- Donald Davenport: Inventing the wheel? Boring. Discovering electricity? Snooze. Sliced bread? Lame. But now Davenport Industries introduces the world's first...
- Donald Davenport: [pulling back a sheet dramatically] ... Proton Fuser!
- [no reactions]
- Leo Dooley: You know, for a scientist, you'd think your payoffs would be a bit more proportionate to your buildups.
- Chase Davenport: Um, Mr. Davenport, isn't it dangerous to tinker with the fabric of the universe?
- Adam Davenport: Oh, ho-ho-ho. He said "tinker."
- Donald Davenport: Yes, technically it could destabilize the Earth or open up a wormhole into a parallel universe, but... I made it and I wanna play with it, so...
- Tasha Davenport: Your room is a mess and you haven't washed the dishes in days.
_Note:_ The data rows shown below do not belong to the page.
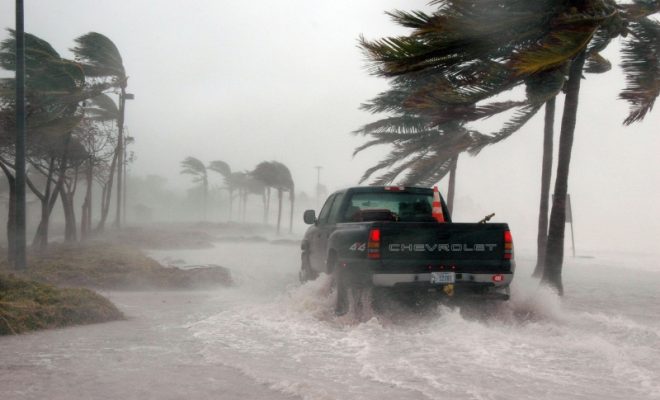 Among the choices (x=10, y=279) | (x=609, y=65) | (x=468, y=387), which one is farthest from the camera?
(x=609, y=65)

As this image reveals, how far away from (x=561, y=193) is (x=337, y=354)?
7.39 metres

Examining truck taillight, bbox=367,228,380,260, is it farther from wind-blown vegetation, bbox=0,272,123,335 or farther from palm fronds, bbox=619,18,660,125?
palm fronds, bbox=619,18,660,125

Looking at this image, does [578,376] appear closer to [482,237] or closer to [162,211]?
[482,237]

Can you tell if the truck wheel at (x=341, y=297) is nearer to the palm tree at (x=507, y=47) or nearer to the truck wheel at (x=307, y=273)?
the truck wheel at (x=307, y=273)

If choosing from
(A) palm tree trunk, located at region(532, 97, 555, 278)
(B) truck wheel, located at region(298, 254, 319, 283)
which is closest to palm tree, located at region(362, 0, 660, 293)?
(B) truck wheel, located at region(298, 254, 319, 283)

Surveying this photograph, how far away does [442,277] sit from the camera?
7836 mm

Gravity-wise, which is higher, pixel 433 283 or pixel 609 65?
pixel 609 65

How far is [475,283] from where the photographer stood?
7.97 metres

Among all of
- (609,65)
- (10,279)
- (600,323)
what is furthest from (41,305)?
(609,65)

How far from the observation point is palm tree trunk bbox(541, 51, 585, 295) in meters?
12.1

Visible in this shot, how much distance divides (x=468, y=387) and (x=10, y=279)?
7.13 m

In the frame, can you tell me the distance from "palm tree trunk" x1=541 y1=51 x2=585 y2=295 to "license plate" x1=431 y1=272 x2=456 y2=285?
197 inches

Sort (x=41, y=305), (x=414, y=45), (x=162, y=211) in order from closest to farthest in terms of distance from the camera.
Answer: (x=41, y=305) < (x=414, y=45) < (x=162, y=211)

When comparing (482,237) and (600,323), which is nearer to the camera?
(482,237) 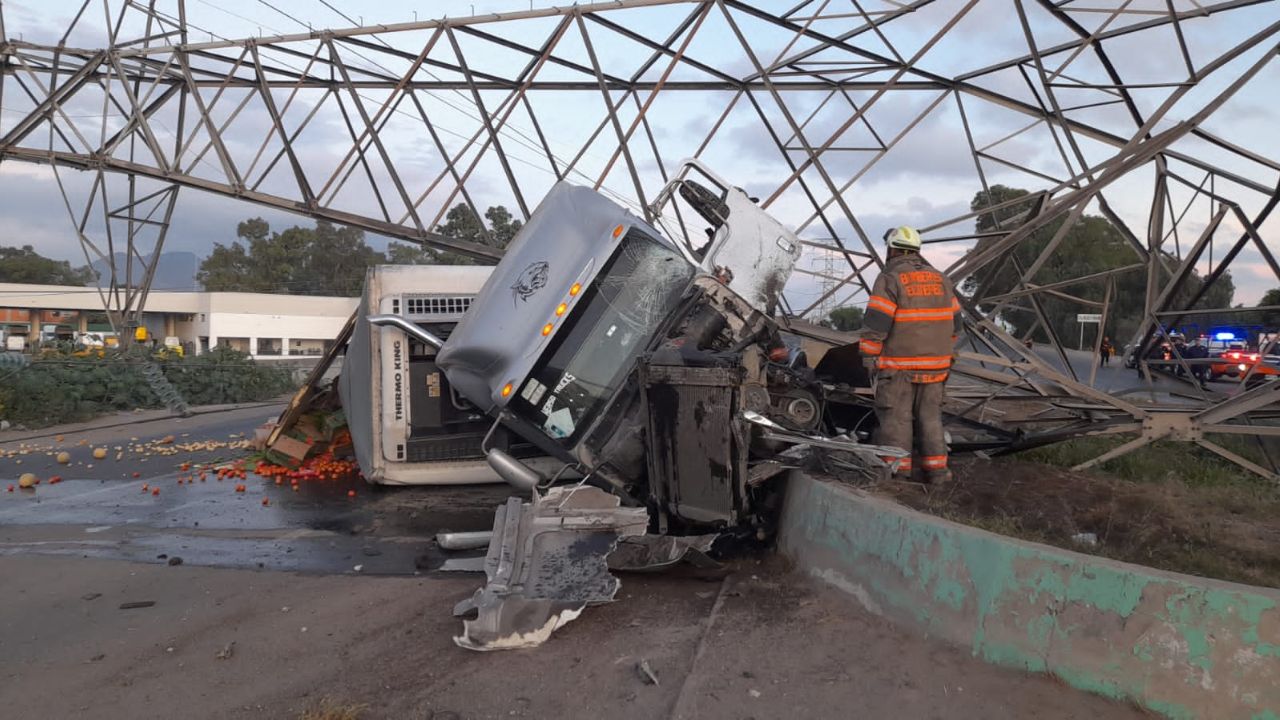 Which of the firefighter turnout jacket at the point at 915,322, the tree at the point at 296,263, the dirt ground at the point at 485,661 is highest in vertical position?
the tree at the point at 296,263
- Leo Dooley: But I've been looking forward to this movie all week.
- Tasha Davenport: And I've been looking forward to clean dishes all week.
- Leo Dooley: Really? Well, that's just sad.
- Leo Dooley: I just shot lightning out of my fingers. I don't know what's going on, but I'm terrified to pick my nose.
- [Principa Perry offers Leo a cookie from the school's gourmet cafeteria]
- Leo Dooley: "Gourmet?" This coming from a woman who thinks mold is a vegetable?
- Leo Dooley: Hey, what're YOU doin' here?
- Donald Davenport: I always pick you up from school. A, your mother insists on it, and... B, it's the few minutes a day I can enjoy natural sunlight.
- Donald Davenport: Leo, it's hot in the car and I'm not allowed to use the air conditioning, so are you coming or not?
- Agent Gordon: We don't know how you do what you do. We're going to find out, even if it takes ten years in an isolated desert warehouse. Hope you sweat a lot. That's the only water you'll get.
- Tasha Davenport: [grabbed by an agent] Watch the suit or I'm telling your boss!
- Agent Gordon: I AM his boss.
- Tasha Davenport: Then... he's touching my suit!
- Principal Perry: Does my little schnookie need a cookie?
- Leo Dooley: I suppose your little schnookie could take a lookie at a cookie.